O futebol servia, sim, para demonstrar que, em pelo menos um item da atividade humana, tínhamos o nível de excelência, que nos falta em quase tudo o mais. Não o digo por patrioteirismo, que é o único defeito que não tenho. É pelos títulos: o Brasil é o país que tem o maior número de Copas do Mundo conquistadas e é o único que disputou todas as fases finais das copas.

O triste é constatar que até essa bem-vinda distração "flopou" nos últimos muitos anos. A decadência ficou exposta em toda a sua crueldade na comparação entre as semifinais da Liga dos Campeões da Europa e da Liga Europa e os jogos da Libertadores de América.

O que se viu na Europa foi um esporte delicioso, empolgante, emocionante que não tem o mais leve parentesco com o que se pratica por aqui.

O patriota de plantão pode até sacar do coldre a observação de que as semifinais dos dois torneios europeus foram eventos excepcionais, seja pela qualidade das partidas, seja pelos resultados que pareciam impossíveis.

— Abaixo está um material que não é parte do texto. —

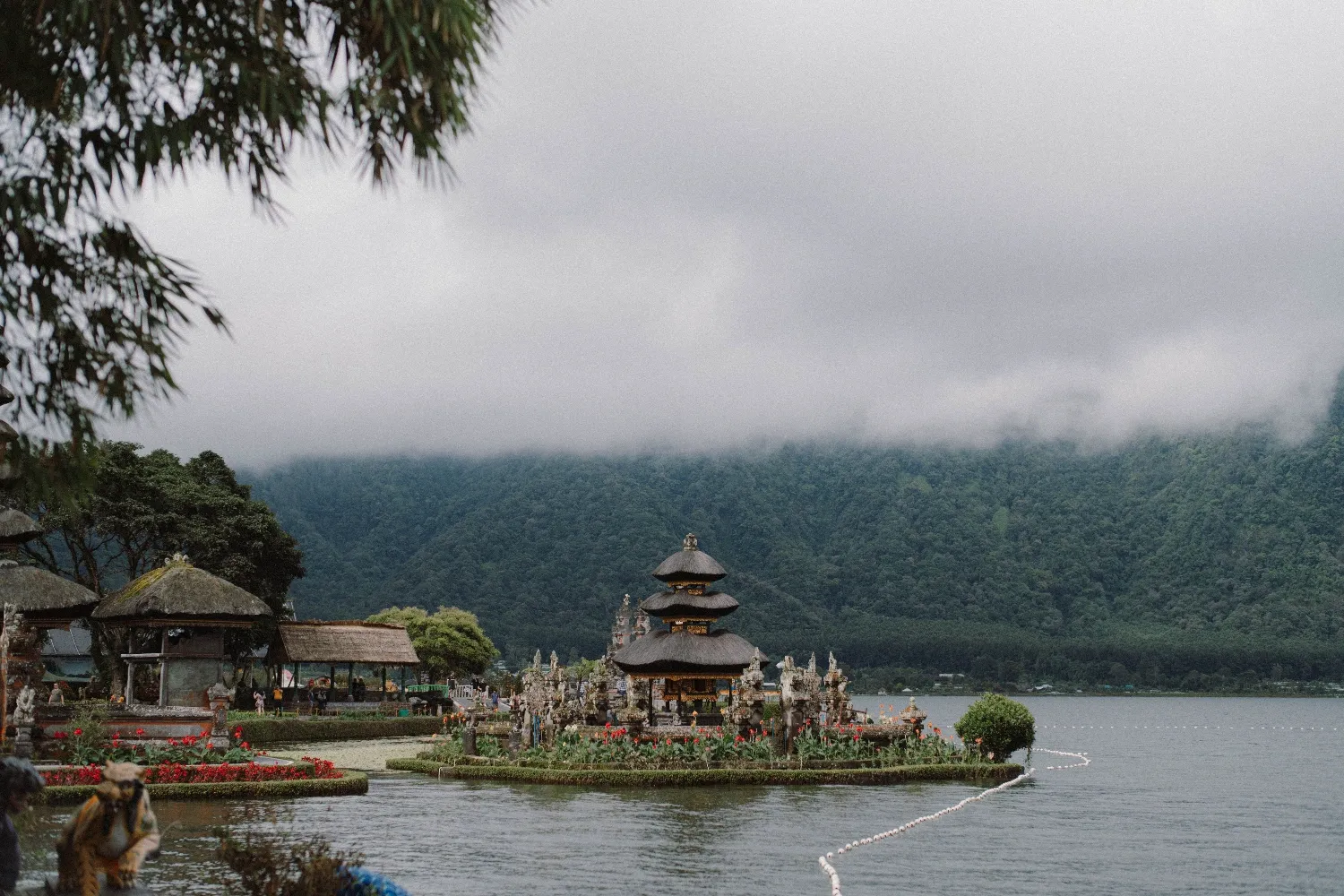 Bali, Indonesia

É verdade, mas tente ver jogos das ligas europeias (pode ser a alemã, a inglesa, a espanhola) envolvendo não só os grandes, mas os times médios e até alguns pequenos, ameaçados de rebaixamento. Têm mais graça do que as partidas dos líderes do Brasileirão. Exemplo: o Rayo Vallecano, já rebaixado na Espanha, exibiu futebol mais agradável contra o Real Madrid (ganhou de 1 a 0) do que o Palmeiras, campeão brasileiro, contra o San Lorenzo.

Torna-se, portanto, natural a amargura que impregna colunas dos craques desta Folha, Tostão, Paulo Vinicius Coelho e Juca Kfouri.

É óbvio que o dinheiro explica a decadência: o futebol é hoje uma indústria bilionária. E a indústria brasileira não pode mesmo competir com os clubes europeus (e agora, com os chineses). Mas reportagem do jornal espanhol El País desta sexta-feira (9) mostra que dinheiro nem sempre explica tudo nem compra necessariamente títulos e beleza no campo.

Copio: “Não triunfaram [na Liga dos Campeões] os clubes que mais dinheiro gastaram em comprar jogadores. Nem se impuseram os poderes tradicionais que dominaram o torneio nas últimas décadas, abatidos estrepitosamente Real Madrid, Barça, Bayern e Juventus, quatro gigantes".

Tampouco estarão presentes na final as maiores estrelas (e maiores salários) do futebol: “Messi, Mbappé, Neymar, Cristiano, Hazard e Pogba verão a final pela televisão".

Os clubes milionários ausentes da final gastaram, entre 2013 e 2018, de € 220 milhões (R$ 974 milhões) a € 800 milhões (R$ 3,5 bilhões).

Claro que nenhum clube brasileiro pode concorrer com essas cifras. Mas, se o Ajax pode deslumbrar sem entrar nessa ciranda maluca, será que não é possível organizar as coisas por aqui para que o velho ópio do povo volte a dar um barato?

Do contrário, daqui a pouco, a garotada vai achar que a alegria do povo é o Sadio Mané (Liverpool) e não o eterno Mané Garrincha.